E não foi o preto

O Brumado era pequenininho e a casa de vovó, mais central, não ficava longe da nossa não. Espaço de uma quadra e meia, ou de meio quadrão?

Mas o vilão que provocou toda aquela matinal comoção foi logo o feijão.

E Tibebé, que andava se aproximando do meio século de existência, e quase trinta anos de empregada na fábrica de tecidos, chegou em nossa casa de capanga de pano à mão - estavam longe de aparecer no mercado os sacos plásticos - vazia, como não lhe soía. Havia ido ao armazém do Zé Chave fazer compras e, ao lhe anunciarem o novo preço do feijão, saiu atarantada. E com a mais justa razão.

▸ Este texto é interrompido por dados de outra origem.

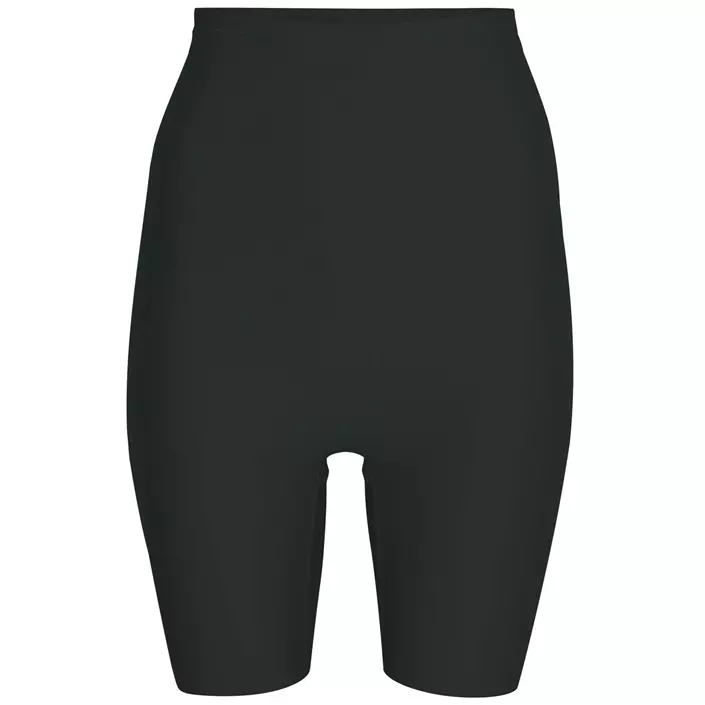 Decoy Shapewear dame shorts, Sort, large image number 0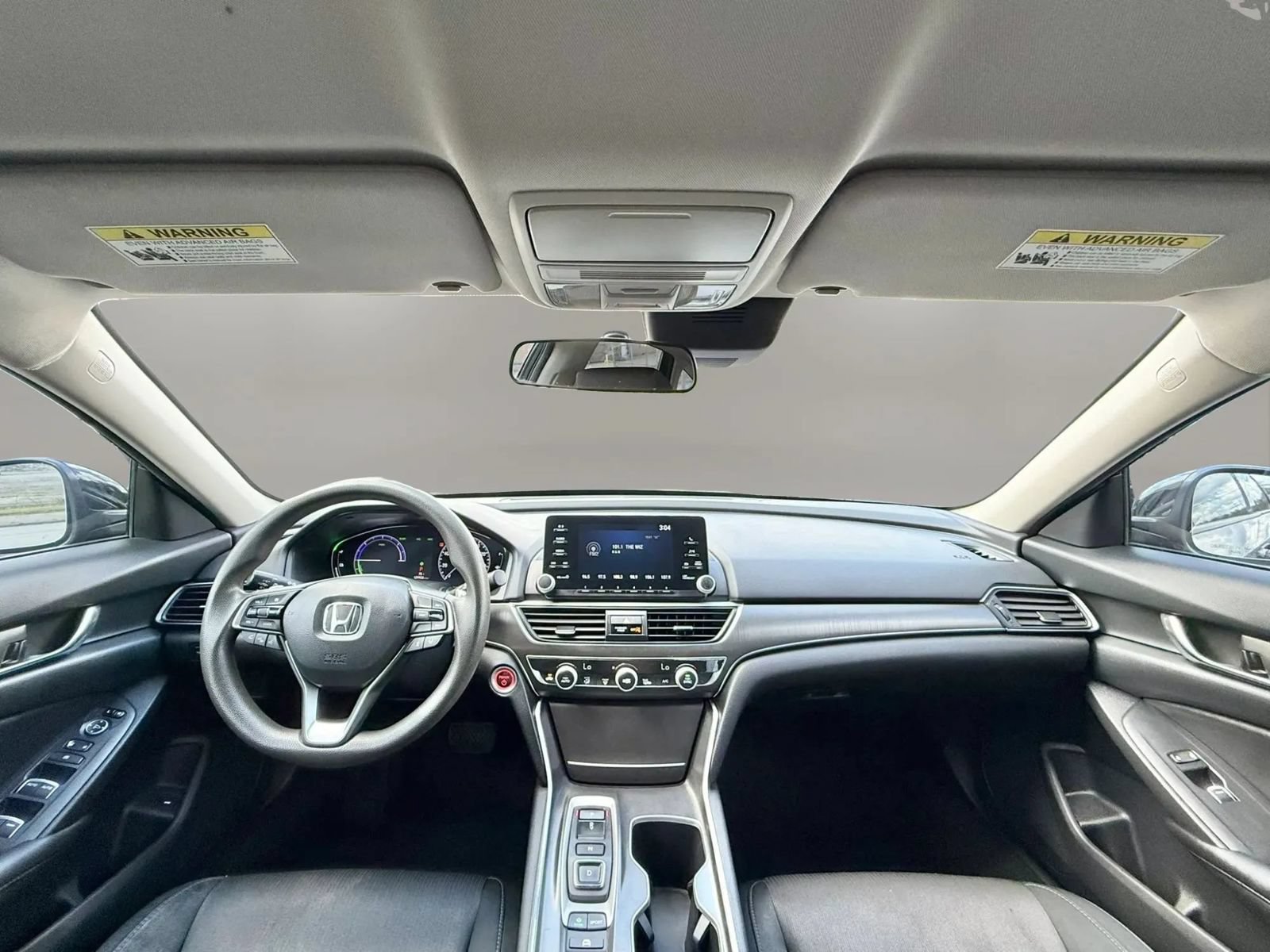 Used 2020 Honda Accord Hybrid image 14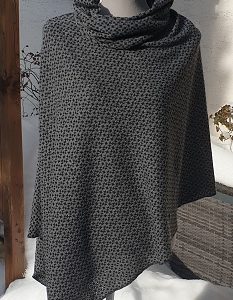Poncho "Muster"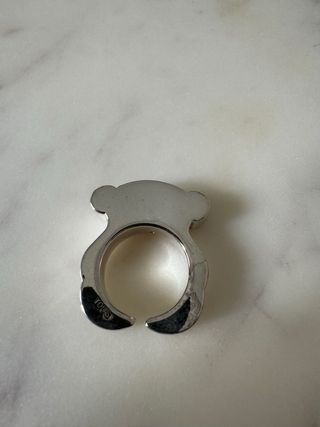 Tous - Anillo y pendientes oso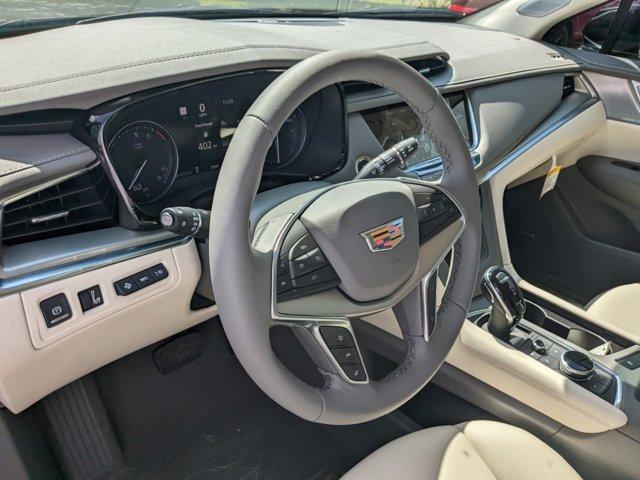 new 2024 Cadillac XT5 car, priced at $55,690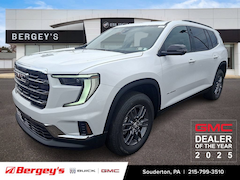 2026 GMC Acadia Elevation SUV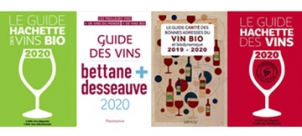 Les Guides du Vin 2020 sélectionnent les partenaires de Gourmet Odyssey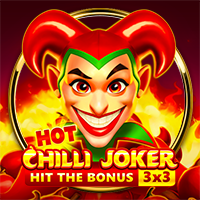 Hot Chilli Joker BNG game cover
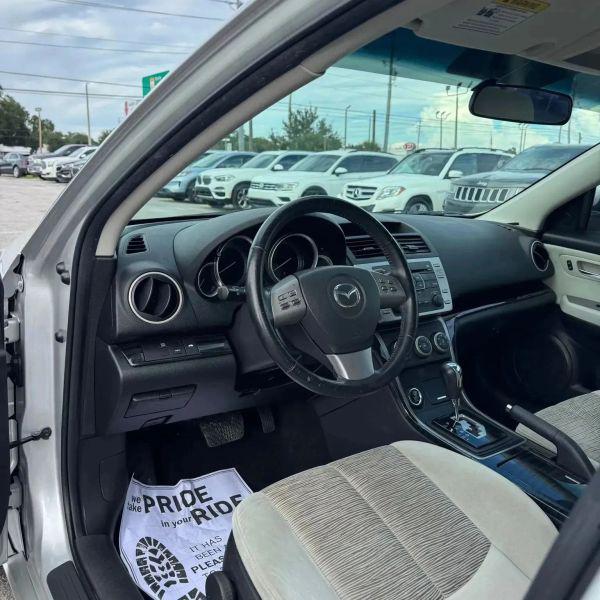 2009 Mazda Mazda6 i Touring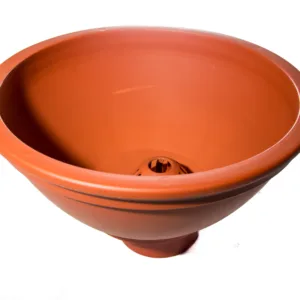Pot chamber, terra
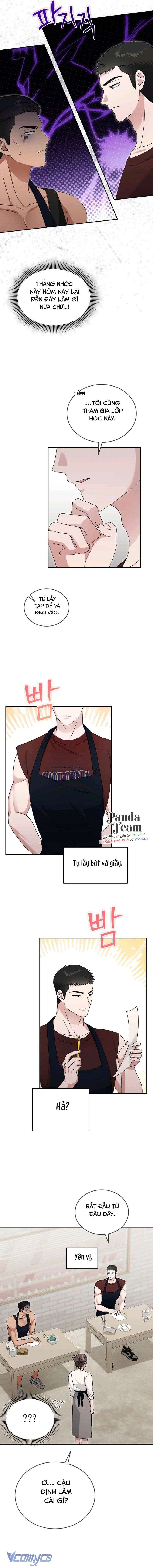 Tuyển Thủ Cứng Nhắc Nhà Bên Chap 10 - Trang 2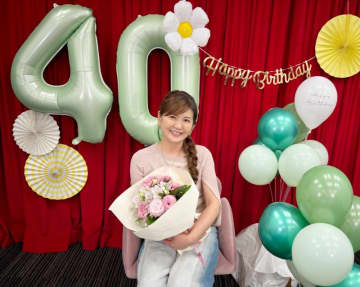 南野陽子がファンクラブ「Nanno Club part5」で誕生日＆40周年カウントダウンライブ配信！
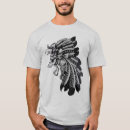 Buscar chief camisetas Calavera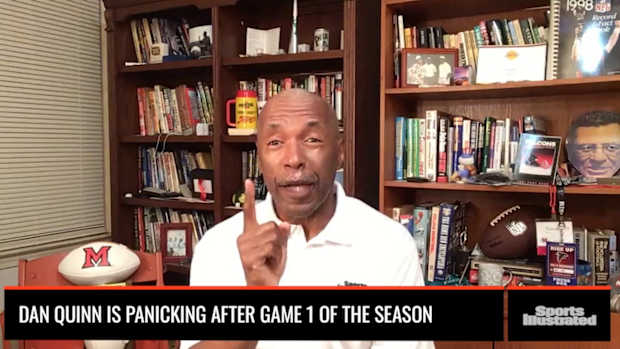 Saving the Falcons Episode 34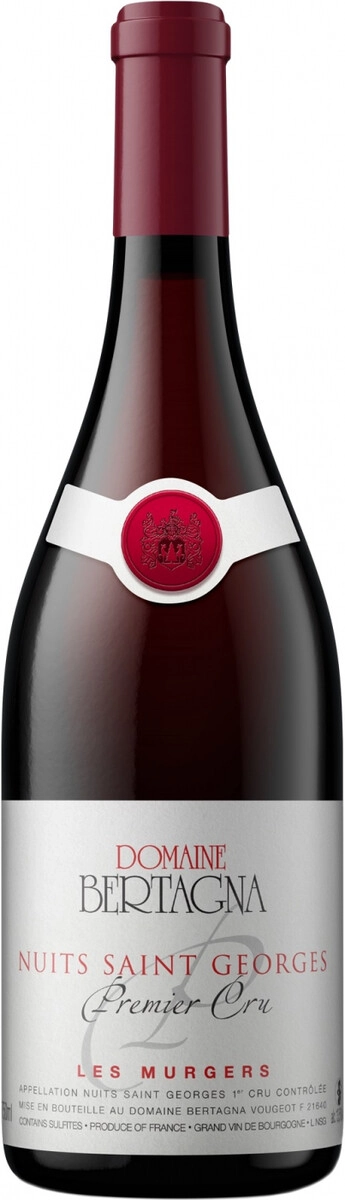 Вино Domaine Bertagna, Nuits-Saint-Georges 1-er Cru "Les Murgers"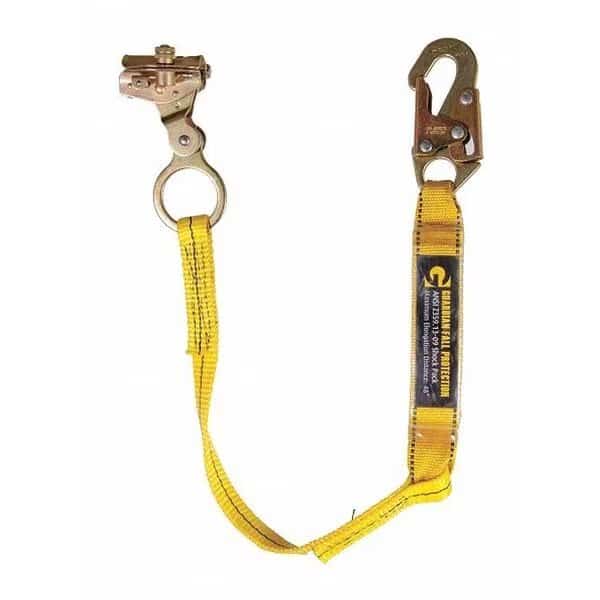 Rope Grab w/Shock Pack, Mfr#: 1503, GUARDIAN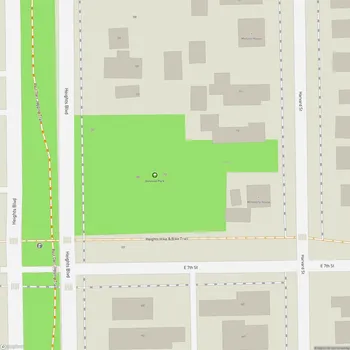 Map of Donovan Park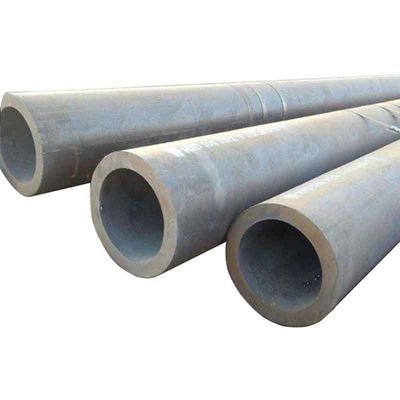Tubo de acero sin costura de corte de precisión de 6 pulgadas C45 por kg para estructuras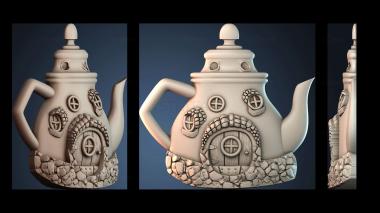 3D модель PANNO_HUDOZHNO_5687 (STL)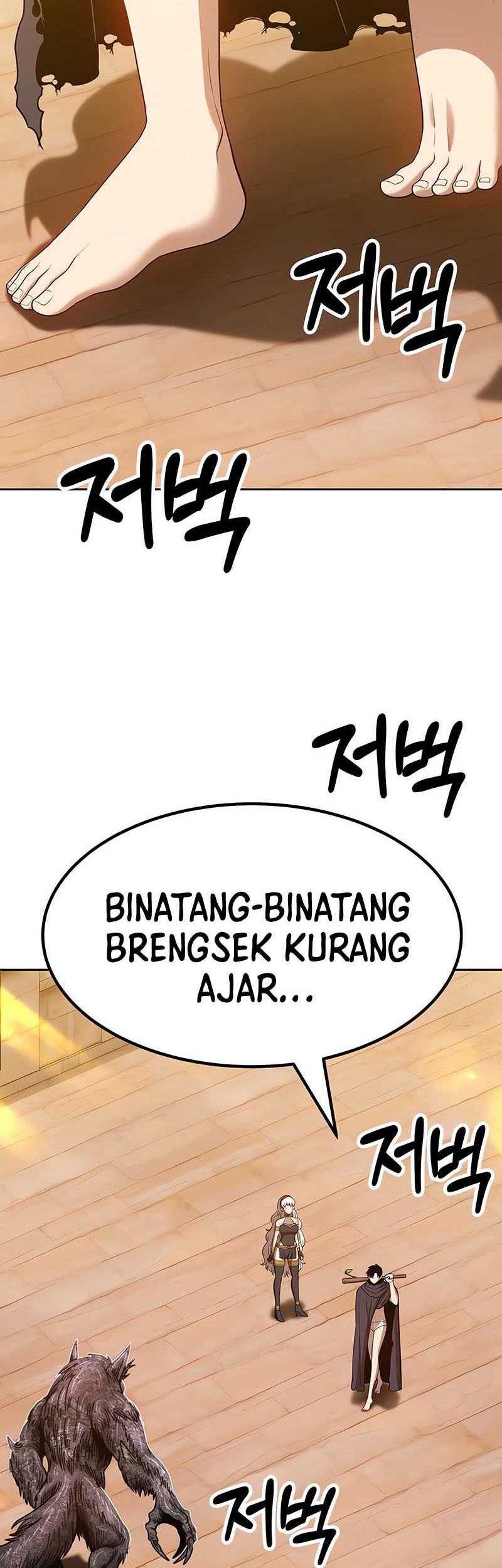 +99 Wooden Stick Chapter 39 Gambar 15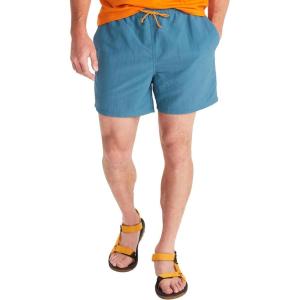 imageMARMOT Mens Juniper Springs ShortDusty Teal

E nem passou pela casa de vovó e sua fratenidade solteira, subiu direto pra nossa casa onde papai, o seu mano Luiz podia dar jeito naquela zoeira. E foi-lhe direto ao ouvido, mal nossa porta de entrada abriu num alarido:

- Luiz, o mundo tá acabando: o feijão mulatinho, que era de 16 cruzeiros, passou pra 20, o quilo. Como é que nós vamos fazer?

E o choro foi convulsivo.

Papai que, cercado por uma penca de filhotes, cuidava dalguma domesticidade naquele instante, tarefa que sempre alternava com mamãe, como se alternavam nos turnos de trabalho na fábrica de tecidos, ouviu atento à irmã Isabel, que lhe levava quase quinze anos de senioridade cronológica, mas que tinha um histórico de fragilidade emocional, e que agora, no feijão mulatinho via o fim, sem salvação.

Tentou explicar-lhe o problema da sazonalidade da entressafra, mas teve logo de usar argumentação mais ao alcance do entendimento da queixante. Acho que até concordou que o fim era inevitável. Mas que estava ao lado dela para o que desse e viesse.

Falou no quintal bom que tínhamos e no espaço que ainda dava para samiá o mulatinho lá. E do pintadinho ou do preto até, mas neles a gente não botava tanta fé. Falta do hábito, sacumequeé. E com rapidez a planta cresceria. Junto ao milharal então é que era inda maior maravia.

Sem um pio dar, mas com tudo a observar, cheguei a pensar num pé daqueles que deu na história de Joãozinho e o pé de feijão, que chegava até o céu, conforme papai nos contava de quando em vez. Se não desse gigante, que atrapalharia a colheita.

Pacificada, Tibebé voltou a rir até. O céu ia poder esperar. Hora era de ao Zé Chave voltar. O almoço, vovó já estava prestes a cozinhar.